To do => Return verbatim the portion of the material below that starts at the line containing "Fairy wand with magic emoji" and ends at its last line.

Record excerpts =>
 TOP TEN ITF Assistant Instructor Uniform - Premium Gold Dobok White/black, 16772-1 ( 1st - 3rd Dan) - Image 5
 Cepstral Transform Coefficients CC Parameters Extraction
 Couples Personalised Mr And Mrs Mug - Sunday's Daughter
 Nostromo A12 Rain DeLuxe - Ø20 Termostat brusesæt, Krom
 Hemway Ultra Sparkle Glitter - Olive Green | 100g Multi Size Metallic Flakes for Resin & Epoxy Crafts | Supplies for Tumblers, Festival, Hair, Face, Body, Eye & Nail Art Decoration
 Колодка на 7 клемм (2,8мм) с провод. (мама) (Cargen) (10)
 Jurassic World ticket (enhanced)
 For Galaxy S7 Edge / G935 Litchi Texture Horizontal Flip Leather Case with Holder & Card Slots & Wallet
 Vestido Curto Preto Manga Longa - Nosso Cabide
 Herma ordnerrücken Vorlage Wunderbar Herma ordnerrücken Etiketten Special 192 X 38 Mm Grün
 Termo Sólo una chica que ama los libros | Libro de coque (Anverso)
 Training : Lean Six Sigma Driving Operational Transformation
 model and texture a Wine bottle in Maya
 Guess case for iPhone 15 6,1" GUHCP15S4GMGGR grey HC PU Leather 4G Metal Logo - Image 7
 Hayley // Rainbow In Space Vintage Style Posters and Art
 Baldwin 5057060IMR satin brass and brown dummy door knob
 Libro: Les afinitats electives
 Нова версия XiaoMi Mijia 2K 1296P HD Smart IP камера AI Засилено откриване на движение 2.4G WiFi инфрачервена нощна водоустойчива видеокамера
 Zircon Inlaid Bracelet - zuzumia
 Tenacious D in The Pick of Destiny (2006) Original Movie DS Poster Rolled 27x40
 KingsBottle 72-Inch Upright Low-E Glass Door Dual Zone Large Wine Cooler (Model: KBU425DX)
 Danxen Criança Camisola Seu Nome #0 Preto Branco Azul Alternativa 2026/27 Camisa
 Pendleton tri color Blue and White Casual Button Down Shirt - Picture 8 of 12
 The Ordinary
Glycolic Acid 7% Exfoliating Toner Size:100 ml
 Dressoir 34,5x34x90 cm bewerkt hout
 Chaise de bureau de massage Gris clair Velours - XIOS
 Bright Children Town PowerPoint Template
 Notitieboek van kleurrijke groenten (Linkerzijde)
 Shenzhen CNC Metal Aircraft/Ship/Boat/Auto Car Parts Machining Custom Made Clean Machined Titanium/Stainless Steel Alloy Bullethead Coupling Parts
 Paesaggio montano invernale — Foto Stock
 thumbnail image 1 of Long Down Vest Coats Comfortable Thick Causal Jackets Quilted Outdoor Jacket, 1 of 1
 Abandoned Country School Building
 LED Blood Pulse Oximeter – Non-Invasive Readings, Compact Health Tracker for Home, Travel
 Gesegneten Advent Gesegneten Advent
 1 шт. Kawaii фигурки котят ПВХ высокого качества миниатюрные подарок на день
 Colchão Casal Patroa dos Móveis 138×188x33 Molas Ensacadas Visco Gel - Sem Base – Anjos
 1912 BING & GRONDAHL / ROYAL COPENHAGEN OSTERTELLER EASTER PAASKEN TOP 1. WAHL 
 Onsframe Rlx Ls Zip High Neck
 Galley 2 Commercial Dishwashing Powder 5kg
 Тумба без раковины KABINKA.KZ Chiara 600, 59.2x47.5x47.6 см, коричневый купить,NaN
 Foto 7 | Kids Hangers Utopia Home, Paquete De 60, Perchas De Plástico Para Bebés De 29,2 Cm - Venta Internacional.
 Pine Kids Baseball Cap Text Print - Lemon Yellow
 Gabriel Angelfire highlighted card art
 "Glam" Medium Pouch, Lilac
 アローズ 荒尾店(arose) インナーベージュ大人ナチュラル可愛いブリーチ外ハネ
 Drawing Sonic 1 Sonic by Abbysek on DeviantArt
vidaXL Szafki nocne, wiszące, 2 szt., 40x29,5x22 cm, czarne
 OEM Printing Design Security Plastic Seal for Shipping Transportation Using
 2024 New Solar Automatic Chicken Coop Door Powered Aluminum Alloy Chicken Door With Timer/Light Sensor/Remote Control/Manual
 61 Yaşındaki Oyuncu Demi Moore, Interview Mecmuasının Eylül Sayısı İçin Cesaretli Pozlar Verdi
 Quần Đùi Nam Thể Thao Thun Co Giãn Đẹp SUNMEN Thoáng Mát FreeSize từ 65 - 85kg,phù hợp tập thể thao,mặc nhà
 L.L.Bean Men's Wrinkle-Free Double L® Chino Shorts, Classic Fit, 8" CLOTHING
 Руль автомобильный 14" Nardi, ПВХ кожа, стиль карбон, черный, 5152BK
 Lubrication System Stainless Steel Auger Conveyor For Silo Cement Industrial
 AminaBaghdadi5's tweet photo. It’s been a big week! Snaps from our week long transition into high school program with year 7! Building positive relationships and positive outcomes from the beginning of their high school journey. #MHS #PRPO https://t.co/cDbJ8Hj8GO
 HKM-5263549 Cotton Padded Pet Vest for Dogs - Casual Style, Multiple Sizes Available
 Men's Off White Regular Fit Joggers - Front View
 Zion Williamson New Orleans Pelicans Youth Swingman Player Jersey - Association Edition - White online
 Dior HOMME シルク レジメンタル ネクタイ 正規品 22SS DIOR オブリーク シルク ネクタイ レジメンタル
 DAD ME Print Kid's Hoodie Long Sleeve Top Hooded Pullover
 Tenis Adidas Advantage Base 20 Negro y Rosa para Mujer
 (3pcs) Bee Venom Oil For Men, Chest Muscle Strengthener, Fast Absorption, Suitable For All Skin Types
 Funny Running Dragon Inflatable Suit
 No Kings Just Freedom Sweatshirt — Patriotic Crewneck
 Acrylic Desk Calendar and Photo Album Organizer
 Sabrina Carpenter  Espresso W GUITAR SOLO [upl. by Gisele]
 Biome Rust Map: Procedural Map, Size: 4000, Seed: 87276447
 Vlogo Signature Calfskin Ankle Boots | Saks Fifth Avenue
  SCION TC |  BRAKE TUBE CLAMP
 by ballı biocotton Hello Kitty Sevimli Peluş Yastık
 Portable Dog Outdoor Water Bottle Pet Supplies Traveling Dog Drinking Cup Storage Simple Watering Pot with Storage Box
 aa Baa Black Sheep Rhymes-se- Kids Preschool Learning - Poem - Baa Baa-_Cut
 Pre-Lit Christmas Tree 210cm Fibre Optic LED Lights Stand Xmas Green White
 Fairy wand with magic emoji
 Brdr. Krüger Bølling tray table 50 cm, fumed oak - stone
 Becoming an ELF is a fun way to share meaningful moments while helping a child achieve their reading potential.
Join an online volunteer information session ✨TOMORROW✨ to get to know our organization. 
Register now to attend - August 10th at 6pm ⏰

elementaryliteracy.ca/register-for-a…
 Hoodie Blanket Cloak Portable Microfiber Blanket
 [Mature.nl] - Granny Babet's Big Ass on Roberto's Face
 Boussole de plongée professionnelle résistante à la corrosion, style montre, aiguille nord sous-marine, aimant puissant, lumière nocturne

Finished task =>
 Fairy wand with magic emoji
 Brdr. Krüger Bølling tray table 50 cm, fumed oak - stone
 Becoming an ELF is a fun way to share meaningful moments while helping a child achieve their reading potential.
Join an online volunteer information session ✨TOMORROW✨ to get to know our organization. 
Register now to attend - August 10th at 6pm ⏰

elementaryliteracy.ca/register-for-a…
 Hoodie Blanket Cloak Portable Microfiber Blanket
 [Mature.nl] - Granny Babet's Big Ass on Roberto's Face
 Boussole de plongée professionnelle résistante à la corrosion, style montre, aiguille nord sous-marine, aimant puissant, lumière nocturne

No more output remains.